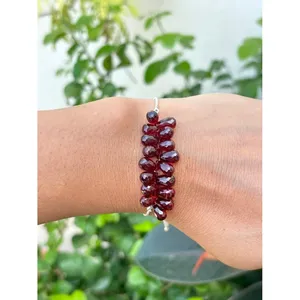 Pulsera de Plata 925 con Forma de Corazón, con Perlas de Agua Dulce, Circonitas, Diamantes y Granates, Cadena con Cuentas, Regalo Religioso de Moda para Compromiso - Product Image 4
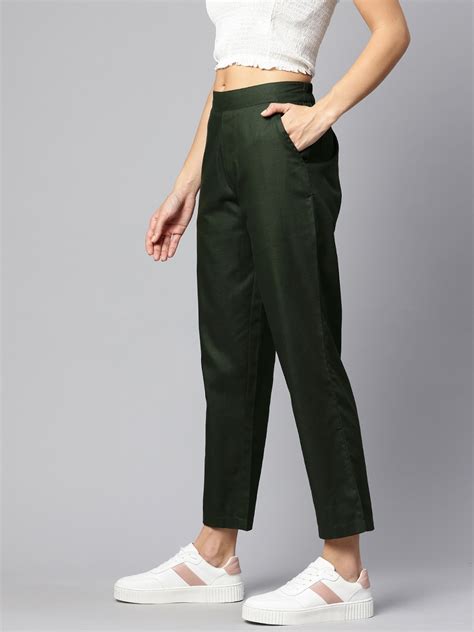 Buy Popnetic Pure Cotton Peg Trousers Trousers For Women 30137411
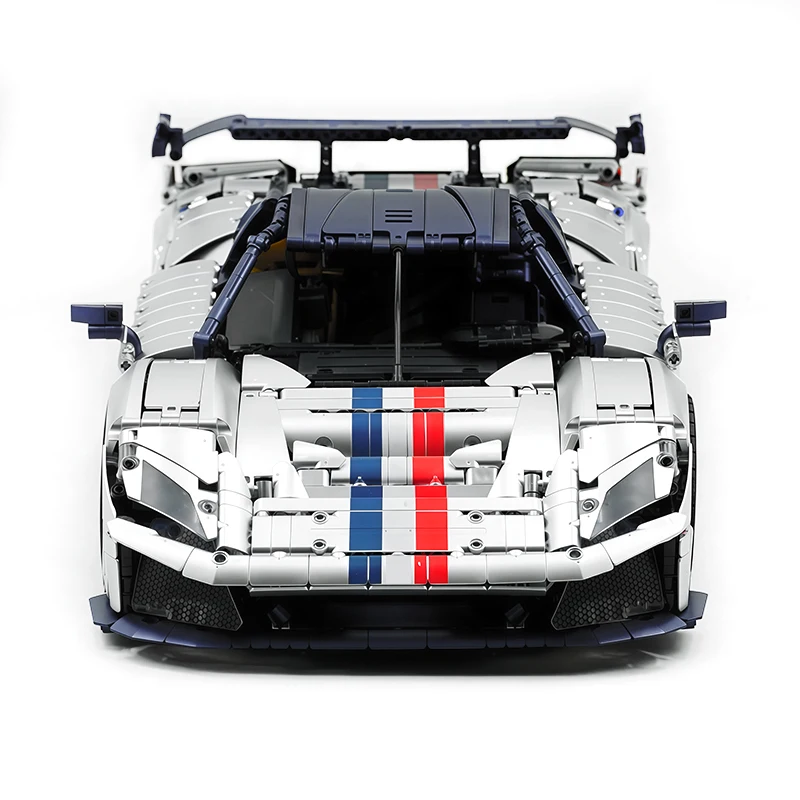 MOC Y18004 التقنية F80 الرياضة سوبر مركبة 1:8 اللبنات فضي رمادي كول سباق السيارات نموذج لغز DIY بها بنفسك لعبة هدية عيد ميلاد #5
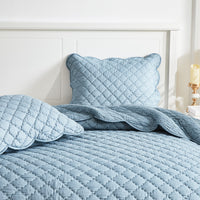Diamond Scallop Cotton Voile Hand Stitched Quilt Set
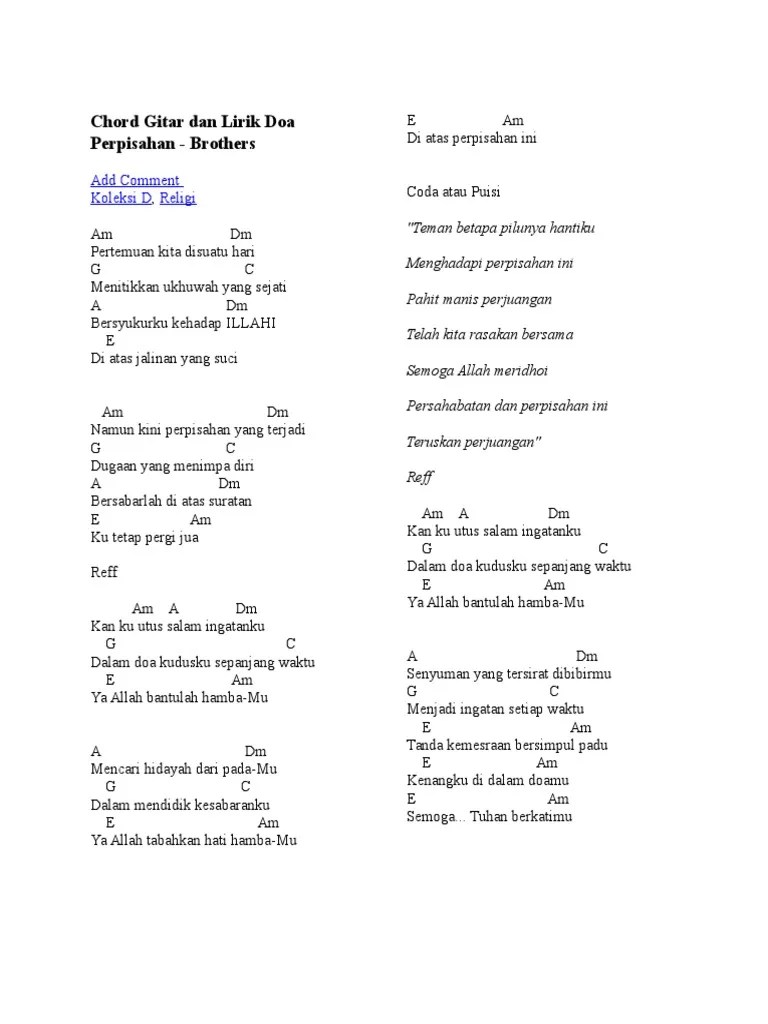 Chord Gitar Dan Lirik Doa Perpisahan | PDF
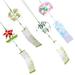 4 Pcs Outdoor Chimes Home DÃ©cor Garden Decor Decorative Wind Chimes Japanese Wind Bell Decoration Vintage Wind Chime Japanese Style Wind Chime Orchid Cherry Blossoms Glass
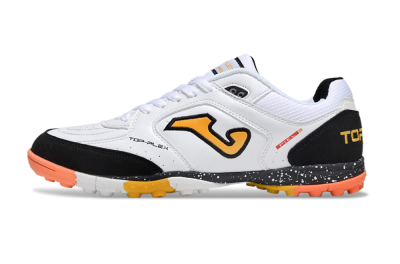 Joma Top Flex TF Artificial Turf Soccer Shoes - White/Yellow/Black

## EXERCISE GOAL
What is needed is every line from the one with "MOC Y18004 التقنية" to the final line of the listing above, set down exactly and with the pictures left out.

## TASK ANSWER
 MOC Y18004 التقنية F80 الرياضة سوبر مركبة 1:8 اللبنات فضي رمادي كول سباق السيارات نموذج لغز DIY بها بنفسك لعبة هدية عيد ميلاد #5
Diamond Scallop Cotton Voile Hand Stitched Quilt Set
 Chord Gitar Dan Lirik Doa Perpisahan | PDF
 4 Pcs Outdoor Chimes Home DÃ©cor Garden Decor Decorative Wind Chimes Japanese Wind Bell Decoration Vintage Wind Chime Japanese Style Wind Chime Orchid Cherry Blossoms Glass
 Joma Top Flex TF Artificial Turf Soccer Shoes - White/Yellow/Black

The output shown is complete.